Analyzing Data from Multiple Sources with Oracle Big Data Manager

Before You Begin

In this 15-minute tutorial, you learn how to import a Zeppelin note from a GitHub repository into Oracle Big Data Manager Notebook. You also learn how to load a comma-separated-value (.csv) file from the Hadoop Distributed File System (HDFS) and an Oracle database table as new paragraphs into the imported note. Finally, you run the note.

Background

This is the third tutorial in the Integrating GitHub and Oracle Database with Oracle Big Data Manager series. Read them sequentially.

Registering a GitHub Repository as a Storage Provider with Oracle Big Data Manager
Registering an Oracle Database as a Storage Provider with Oracle Big Data Manager
Analyzing Data from Multiple Sources with Oracle Big Data Manager

What Do You Need?

Access to an instance of Oracle Big Data Cloud Service and the required login credentials.
Access to Oracle Big Data Manager on an Oracle Big Data Cloud Service instance. A port must be opened to permit access to Oracle Big Data Manager, as described in Enabling Oracle Big Data Manager.
The required sign in credentials for Oracle Big Data Manager.
Read/Write privileges to the /user/demo HDFS directory.
Complete the first two tutorials in this series: The Registering a GitHub Repository as a Storage Provider with Oracle Big Data Manager and the Registering an Oracle Database as a Storage Provider with Oracle Big Data Manager tutorials.
Access to an Oracle database and the required login credentials.
Basic familiarity with HDFS, Spark, and optionally, Apache Zeppelin.

Access the Oracle Big Data Manager Console

Sign in to Oracle Cloud and open your Oracle Big Data Cloud Service console.

Description of the illustration bdcs-console.png
In the row for the cluster, click Manage this service , and then click Oracle Big Data Manager console from the context menu to display the Oracle Big Data Manager Home page.

Import a Zeppelin Note from GitHub into Oracle Big Data Manager Notebook

In this section, you import a Zeppelin note from a GitHub repository into Oracle Big Data Manager Notebook.

On the Oracle Big Data Manager page, click the Data tab.
In the Data explorer section, select Github (github) from the Storage drop-down list. The bdm-notebook-demo GitHub repository that you registered in the first tutorial is displayed in the Name column. Double-click the repository name and navigate to the master branch. This branch contains the Notebook.json Zeppelin note that you will import into Oracle Big Data Manager Notebook.

Description of the illustration master-branch.png
Right-click the Notebook.json file. From the context menu, select Notebook, and then Import as Notebook Note.
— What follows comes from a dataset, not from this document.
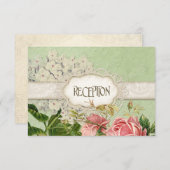 Modernes, Vintages Spitzentea Hydrangea in Rose Einladung (Vorne/Hinten)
The Import as Notebook Note dialog box is displayed.
Enter HDFS and Oracle Database Data Analysis in the Note name field, and then click Create. The HDFS and Oracle Database Data Analysis note is imported and displayed in Notebook. The initial status of each paragraph in the note is READY which indicates that the paragraph has not been executed yet.

Description of the illustration display-note.png
The empty paragraph at the top of the note uses the %md Markdown interpreter to generate static html from Markdown plain text. Click Run this paragraph(Shift+Enter) on the paragraph's toolbar to display detailed information about this note.
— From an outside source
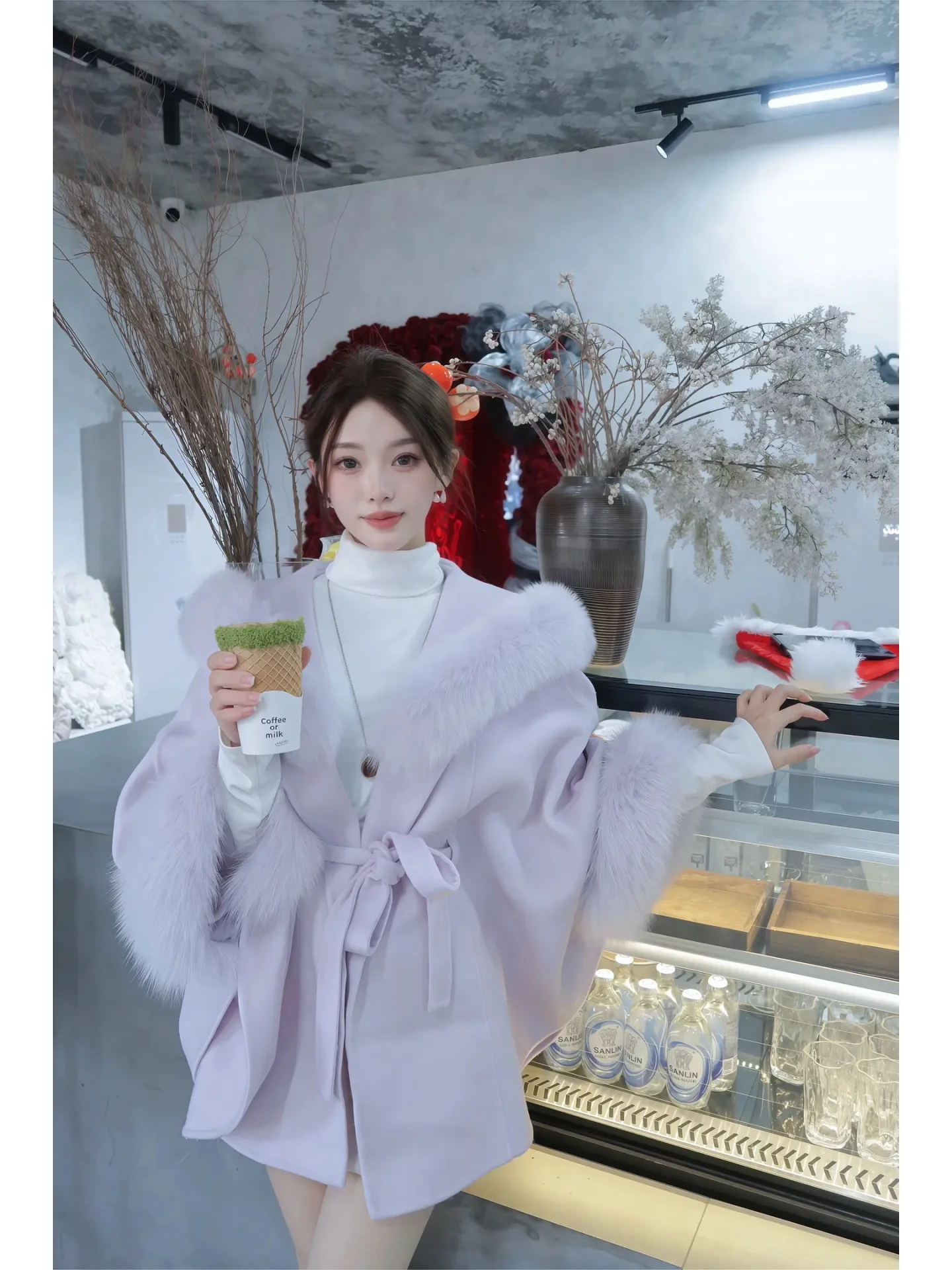 

Ele Thiened Autumn Winter Coat with Hood Sweet Sle Women's Faionable Long Sve Coat Open Front Design Warmth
Import Oracle JDBC Driver to Oracle Big Data Manager Notebook

In this section, you add the Oracle JDBC driver to the Spark interpreter classpath in Oracle Big Data Manager. This enables Spark to connect to the Oracle database.
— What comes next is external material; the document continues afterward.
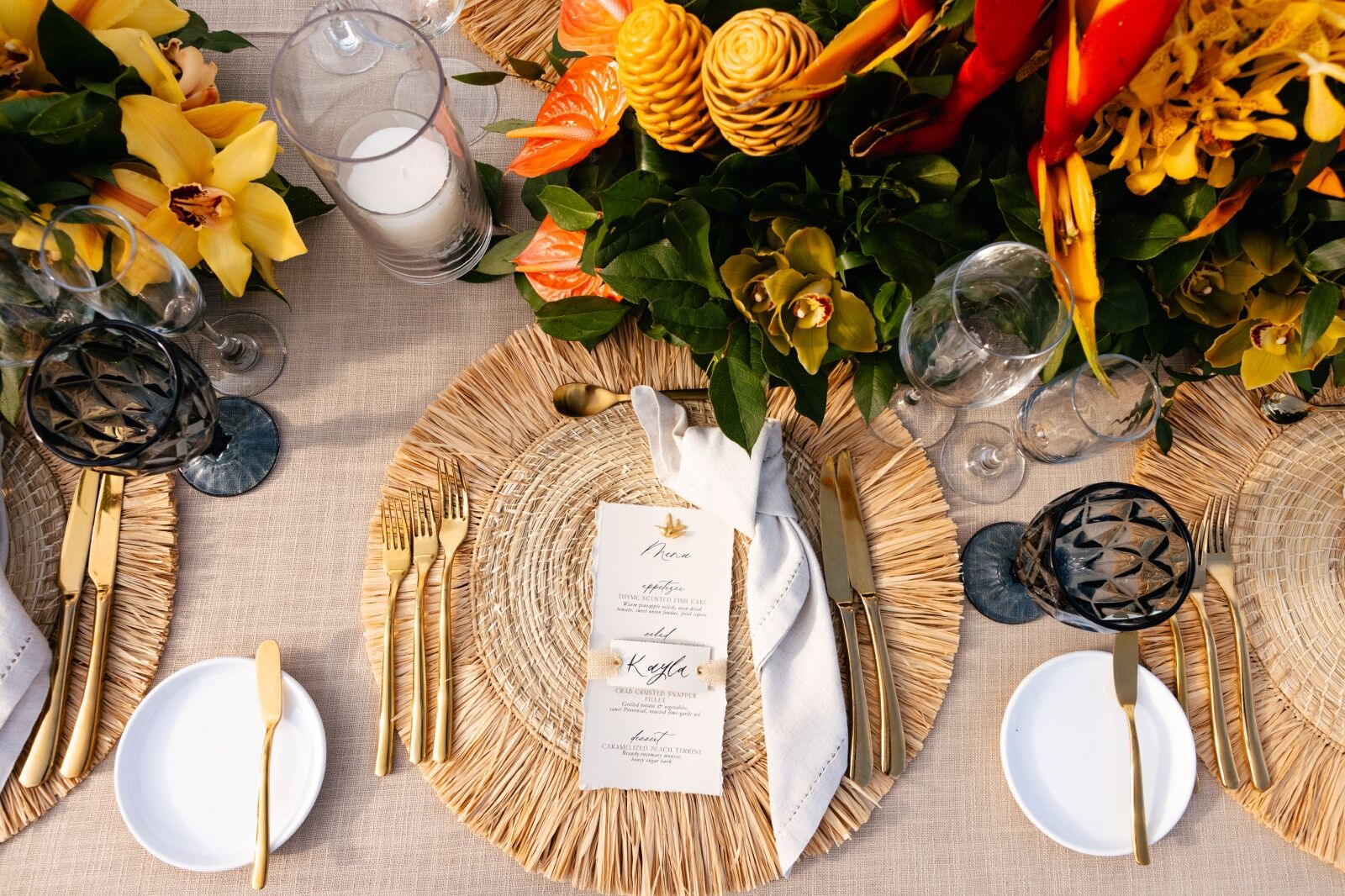 Table detail at Sandals Resort free wedding in Jamaica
On the Oracle Big Data Manager page, click the Notebook tab.
Click the Menu drop-down list, and then select Interpreter. The Interpreters page is displayed.

Description of the illustration
notebook-menu.png — Description of the illustration notebook-menu.png

Scroll-down to the spark interpreter section, and then click edit.

Description of the illustration
spark-interpreter.png — Description of the illustration spark-interpreter.png

Scroll-down to the Dependencies section, enter the following path to the Oracle JDBC driver in the artifact field to allow the Spark interpreter to create a DataFrame that connects to the Oracle database, and then click Save.

/usr/lib/oracle/12.1/client64/lib/ojdbc7.jar

Description of the illustration
dependencies.png — Description of the illustration dependencies.png

A Do you want to update this interpreter and restart with new settings? confirmation message is displayed. Click OK.

Load an HDFS File as a Paragraph into the Imported Note

In this section, you upload the edges.csv file to HDFS and load the file as a new paragraph into the imported note. The edges.csv file contains two columns. Each column represents a student id. The two student ids in each row represent two students who are collaborating on a specific class project.

Right-click the edges.csv file, select Save link as... from the context menu, and then save it to your local machine.
Upload the edges.csv file to HDFS. On the Oracle Big Data Manager page, click the Data tab. In the Data explorer section, select HDFS storage (hdfs) from the Storage drop-down list. Navigate to the /user/demo directory, and then click File upload on the toolbar.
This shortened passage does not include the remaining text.